Ka'bah, Abraj Al-Bait, dan Protes Kaum Sufi
Oleh: Ahmad Syafii Maarif
Sebenarnya sudah cukup lama dunia Muslim mengamati dengan getir
proses penghancuran situs-situs sejarah oleh rezim Wahabi Saudi, baik di
sekitar Makkah atau pun di sekitar Madinah, dua kota suci yang legendaris bagi
kaum beriman. Atas nama tauhid dan gerakan anti-syirik, kabarnya sudah lebih 98
persen tempat-tempat bersejarah itu dihilangkan jejaknya. Bahkan makam Khadijah
binti Khuwailid, istri Nabi, yang jasanya luar biasa terhadap Islam di masa
awal yang kritikal dan teramat sulit, kini telah berubah jadi toilet umum.
Inilah sebuah rezim tunaadab yang menutup telinganya rapat-rapat untuk
mendengar protes umat Islam sejagat agar tindakan brutal itu tidak diteruskan.
Protes teranyar pada 16 Juli 2016 disampaikan oleh kaum sufi India
agar dua Kota Suci itu dibebaskan dari penguasaan rezim Wahabi Saudi.
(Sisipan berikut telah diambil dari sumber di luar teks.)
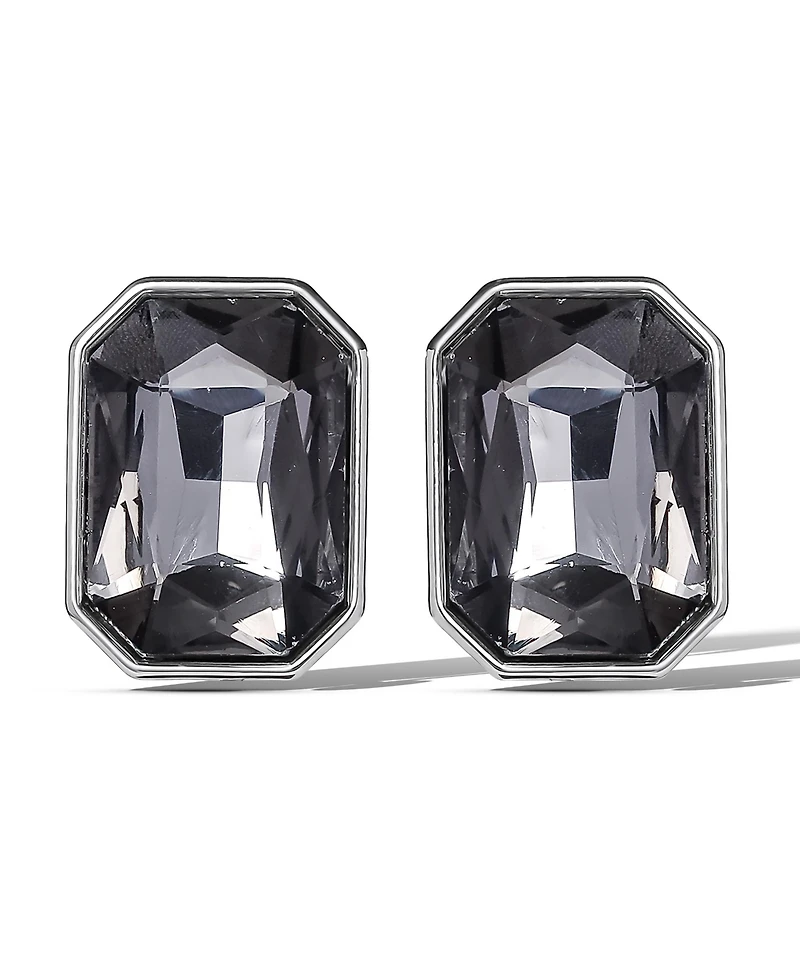 Jessica Simpson Faceted Gemstone Stud Earrings in Smoke Grey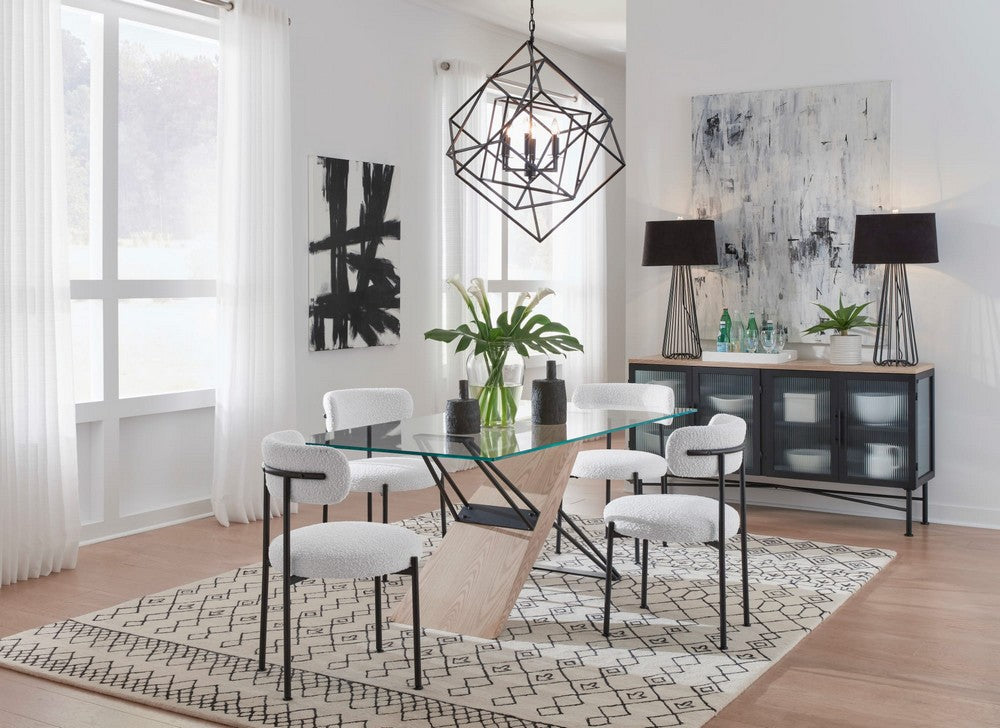 Modus Furniture - Aere Boucle Upholstered Metal Leg Dining Chair in Ivory and Black Set of 2 - MZEZ63_2 view 8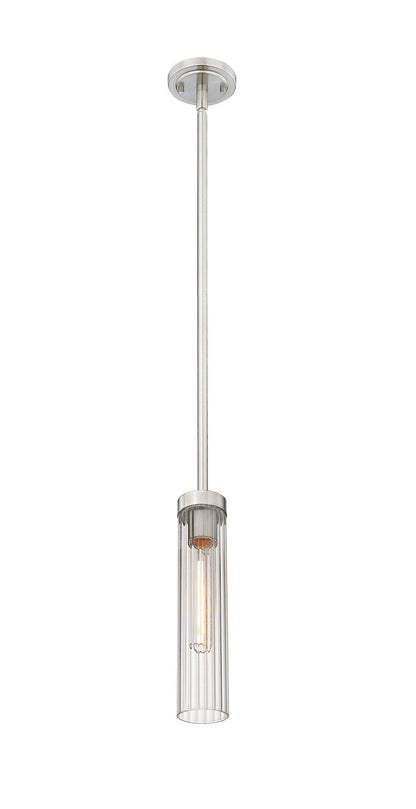 Z-Lite Beau 1 Light Pendant in Brushed Nickel 740P-ROD-BN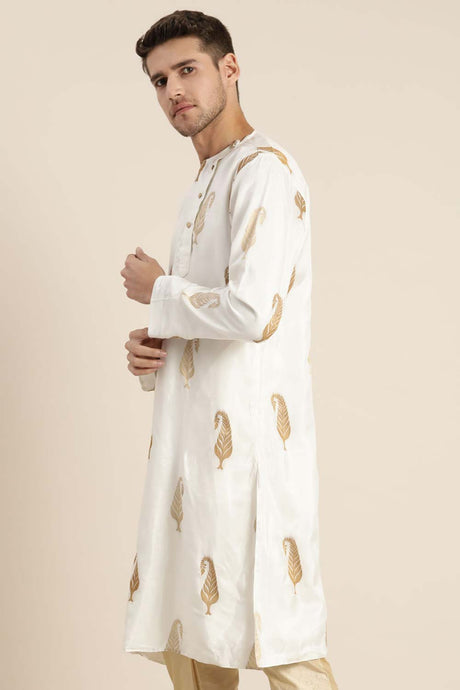 Buy Men's White And Gold Silk Blend Jacquard Weave  Long Kurta Online - Back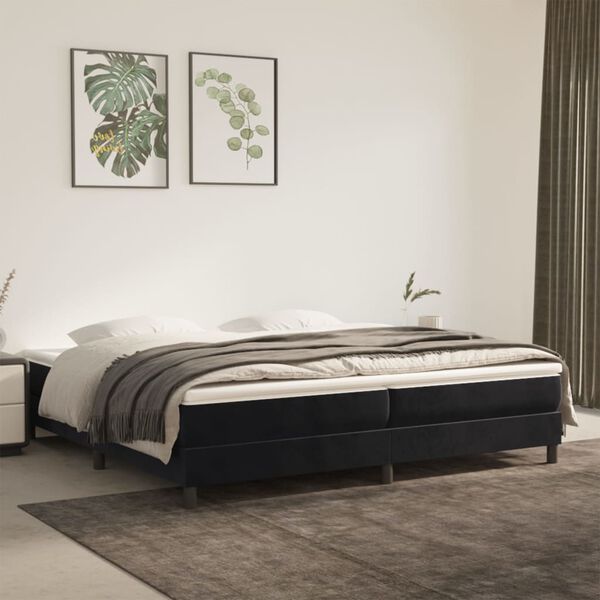 vidaXL Estrutura de cama com molas 200x200 cm veludo preto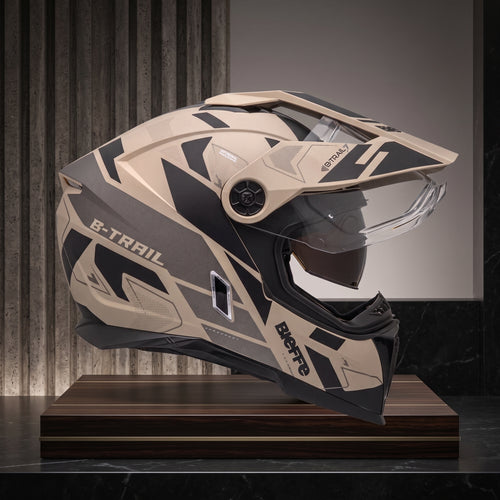Capacete Bieffe B-Trail Conquest Areia/Preto - Foto showcase lateral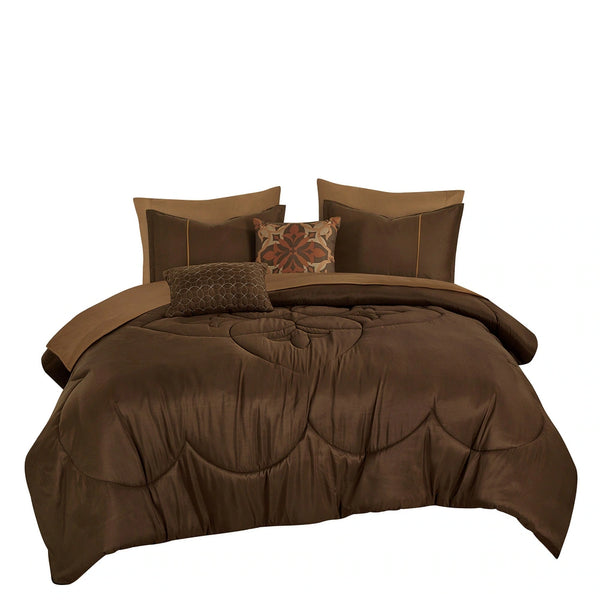 9 Piece Bed-in-a-Bag Brown Floral Solid Soft Bedding Comforter Set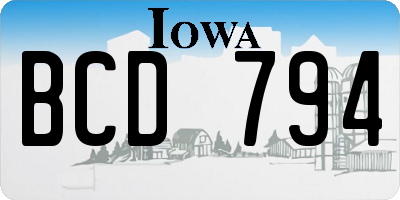 IA license plate BCD794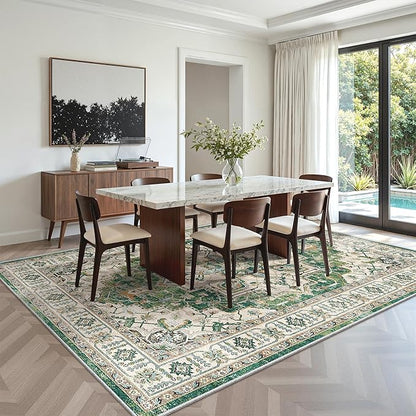 zesthome WashableRug 5x7 Area Rugs,Stain Resistant Rugs for Living Room,Bedroom,Non-Slip Backing Home Decor Rug, Vintage Medallion Pattern Rugs (Green,5'x7')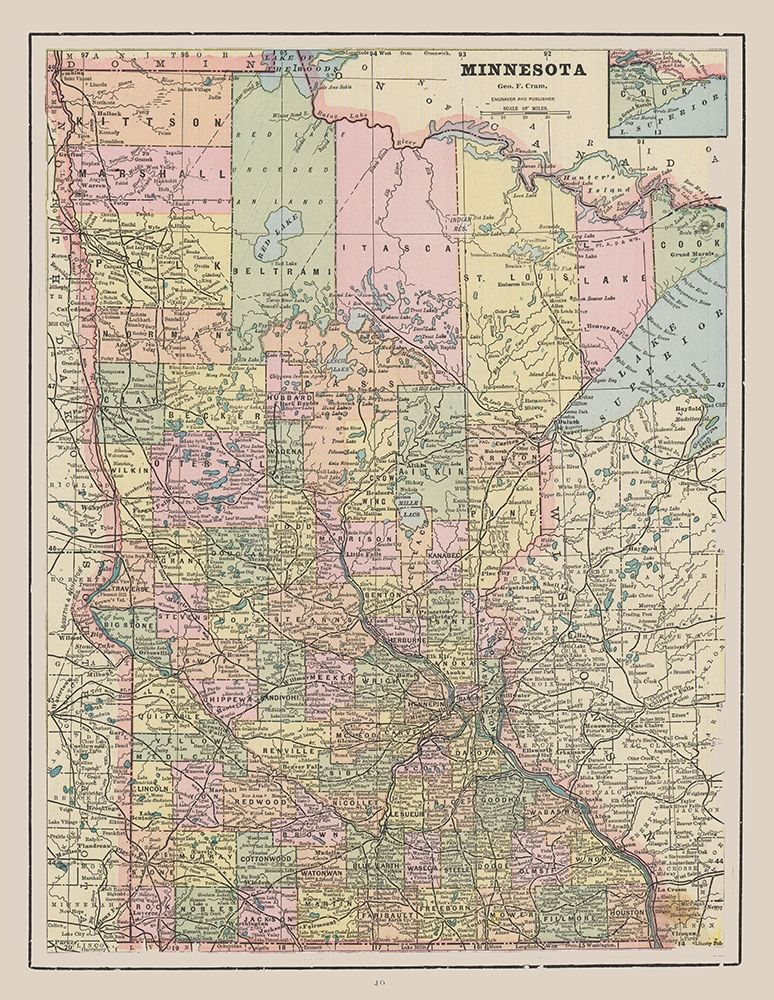 Minnesota - Cram 1892 art print by Cram for $57.95 CAD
Inilah
inti pernyataan dan tuntutan mereka, “The
Madjid-e-Nabvi and the Kaabah Sharif are under threat! Free Makkah Sharif! Free
Madinah Sharif! Free Hejaz!” (Masjid Nabawi dan Ka’bah yang Mulia
sedang berada di bawah ancaman. Bebaskan Makkah yang Mulia! Bebaskan Madinah
yang Mulia! Bebaskan Hijaz!). Kelompok sufi ini sudah berada di batas kesabaran
dalam menilai tindakan semena-mena penguasa Saudi yang sedang mengancam
eksistensi dua kota suci itu melalui proses pembaratan yang dahsyat.
Yang ironis, semua gerakan radikal di berbagai bagian bumi tidak
satu pun yang melakukan protes terhadap prilaku rezim Saudi ini. Ini tidaklah
mengherankan karena gerakan radikal ini memang pada umumnya lahir dari rahim
Wahabisme ciptaan Muhammad bin Abdul Wahhab yang bersekutu dengan penguasa
Saudi di bawah pimpinan Muhammad bin Saud. Menurut sumber yang saya baca, nenek
moyang rezim Saudi yang berkuasa sekarang ini bukanlah berasal dari kawasan
perkotaan, tetapi dari puak Badwi (al-a’râb)
dari pegunungan yang dulu dikritik keras oleh Alquran karena watak sebagian
mereka yang kepala batu, sangat kufur, munafik, dan tidak faham batas-batas
yang diturunkan Allah kepada rasul-Nya (lih. surah at-Taubah: 97).
Tetapi ada pula puak Badwi itu yang dipuji Alquran: “Dan di antara
orang-orang Badwi, ada yang beriman kepada Allah dan hari akhir, dan menjadikan
apa yang dinafkahkannya sebagai sarana pendekatan kepada Allah dan aneka doa
rasul. Ketahuilah, sesungguhnya ia adalah suatu sarana pendekatan buat mereka.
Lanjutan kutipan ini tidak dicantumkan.